#### Task to carry out:
All of the records below must be output exactly, with no pictures carried over.

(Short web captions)
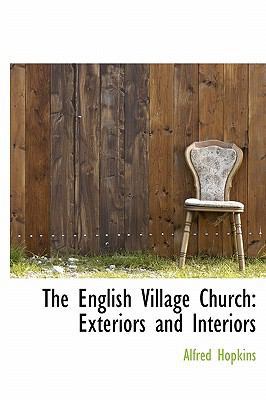 The English Village Church: Exteriors and Inter... 1241670897 Book Cover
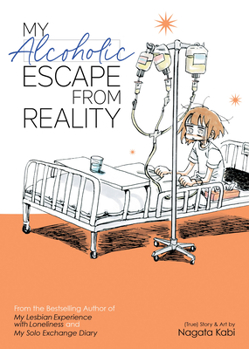 My Alcoholic Escape from Reality - Book #4 of the My Lesbian Experience with Loneliness
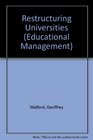Restructuring Universities Politics and Power in the Management of Change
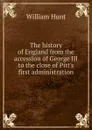 The history of England from the accession of George III to the close of Pitt.s first administration - Hunt William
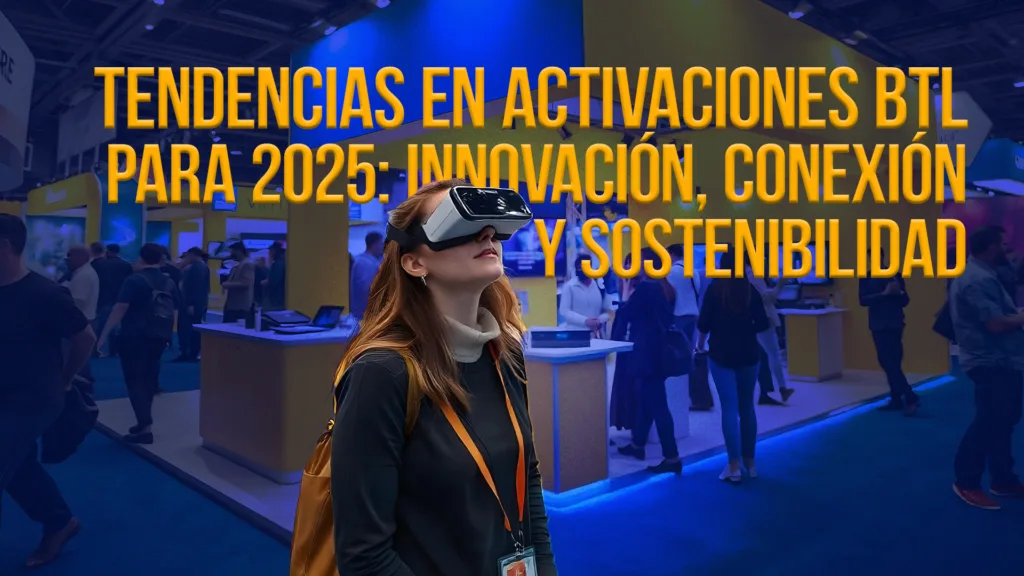 Tendencias activaciones BTL 2025, Experiencias híbridas en marketing, Tecnología interactiva en eventos, Sostenibilidad en activaciones BTL, Personalización con inteligencia artificial, Eventos pop-up creativos, Marketing BTL innovador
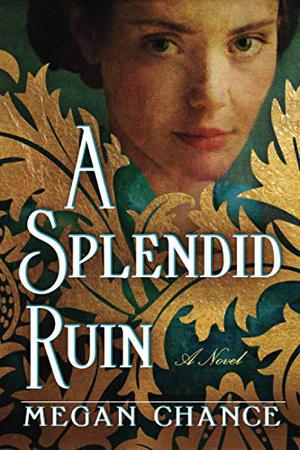 A Splendid Ruin by Megan Chance
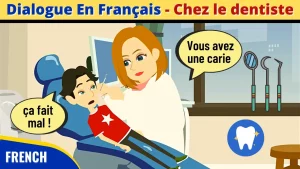 Read more about the article French Conversation Chez le Dentiste – At the Dentist – Vocabulary | CCube Academy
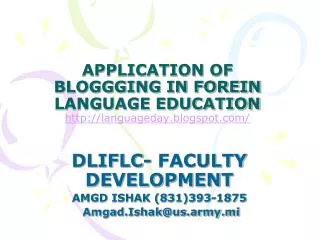 APPLICATION OF BLOGGGING IN FOREIN LANGUAGE EDUCATION languageday.blogspot/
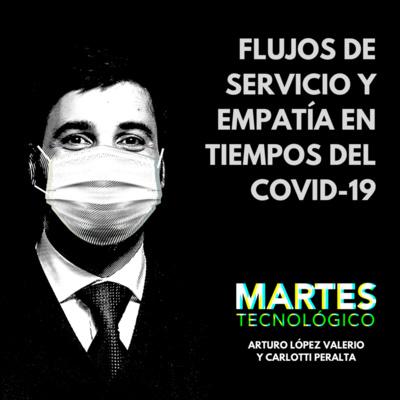 Flujos de servicio y empatía en tiempos del COVID-19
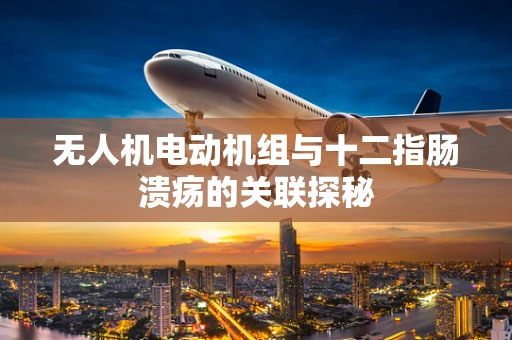 无人机电动机组与十二指肠溃疡的关联探秘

#### Reply:
 The English Village Church: Exteriors and Inter... 1241670897 Book Cover
 My Alcoholic Escape from Reality - Book #4 of the My Lesbian Experience with Loneliness
Restructuring Universities Politics and Power in the Management of Change
 The history of England from the accession of George III to the close of Pitt.s first administration - Hunt William
 Tendencias activaciones BTL 2025, Experiencias híbridas en marketing, Tecnología interactiva en eventos, Sostenibilidad en activaciones BTL, Personalización con inteligencia artificial, Eventos pop-up creativos, Marketing BTL innovador
 A Splendid Ruin by Megan Chance
 Read more about the article French Conversation Chez le Dentiste – At the Dentist – Vocabulary | CCube Academy
 APPLICATION OF BLOGGGING IN FOREIN LANGUAGE EDUCATION languageday.blogspot/
 Flujos de servicio y empatía en tiempos del COVID-19
 无人机电动机组与十二指肠溃疡的关联探秘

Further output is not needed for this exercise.